First thing to do when in doubt is remove it and open the cover, look for damage. Look it over for signs of burn parts and or leaking capacitors signs it had been wet etc. If it doesn't have that air to it of had been "burnt" and looks good otherwise it probably is.
Then there is always the old stand by if you really feel its a problem, just want a different one anyway, pick up a good used one for your model/year put it in and test it see how it runs.
#15
+1^^^
Are you saying your getting three digit codes rather then two? Your 90 and a 91 should both be throwing two digit. Sounds like rla2005 knows of some 91's that do use the three digit. Same thing regardless, codes are for all the same conditions/issues regardless.
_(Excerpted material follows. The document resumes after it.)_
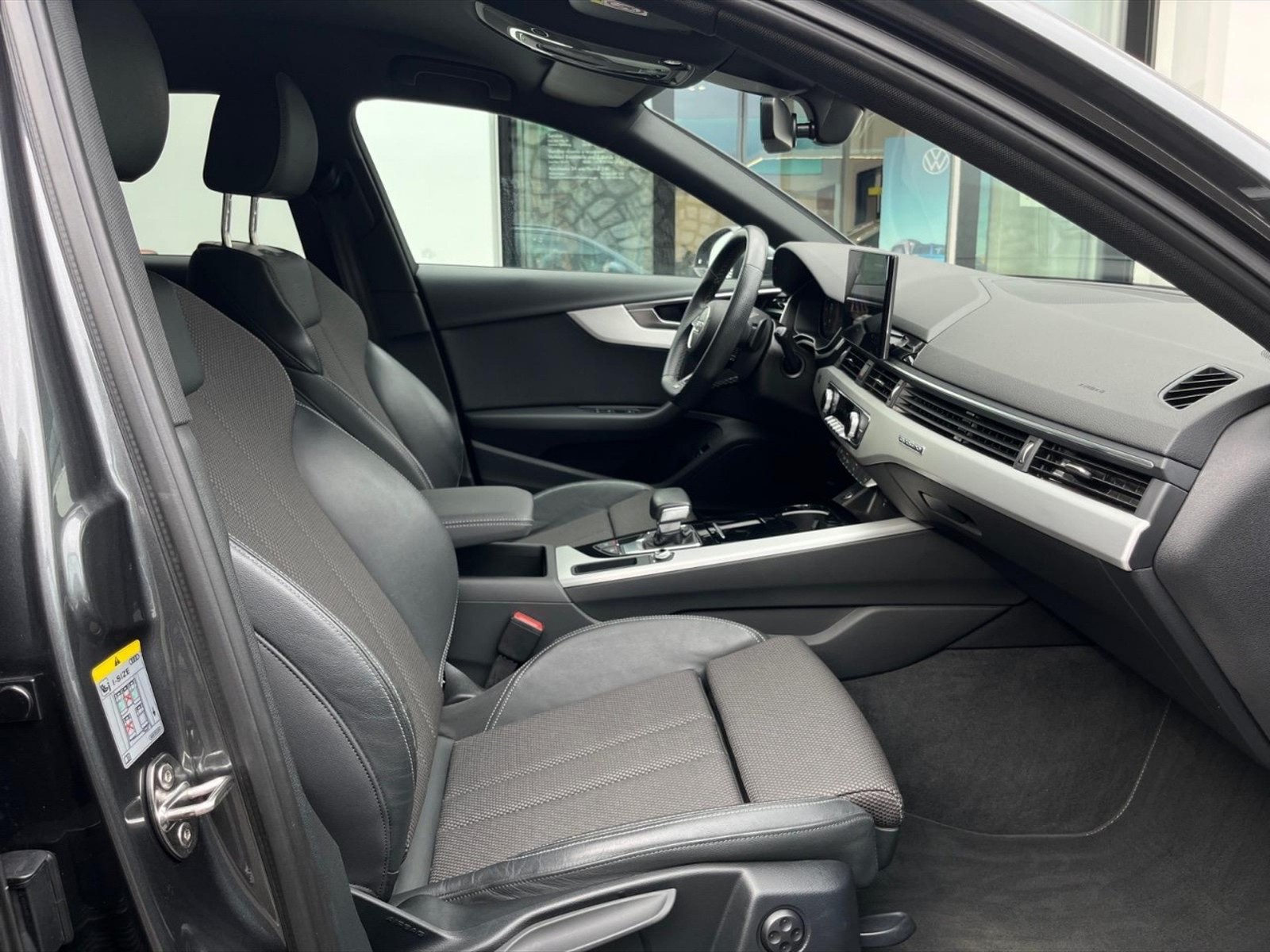 Audi A4 avant 40 2.0 tdi mhev s line edition quattro 204cv s-tronic - 8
While I can't compare 90 to 91 both are the same "group" I have compared the computer pin outs early verses late model and don't recall ever finding a difference in them. Not a thing that make a notable in engine/sensor function anyway.
Are you saying your getting three digit codes rather then two? Your 90 and a 91 should both be throwing two digit. Sounds like rla2005 knows of some 91's that do use the three digit. Same thing regardless, codes are for all the same conditions/issues regardless.
While I can't compare 90 to 91 both are the same "group" I have compared the computer pin outs early verses late model and don't recall ever finding a difference in them. Not a thing that make a notable in engine/sensor function anyway.
I'm not trusting any codes though until I have the right computer in the truck!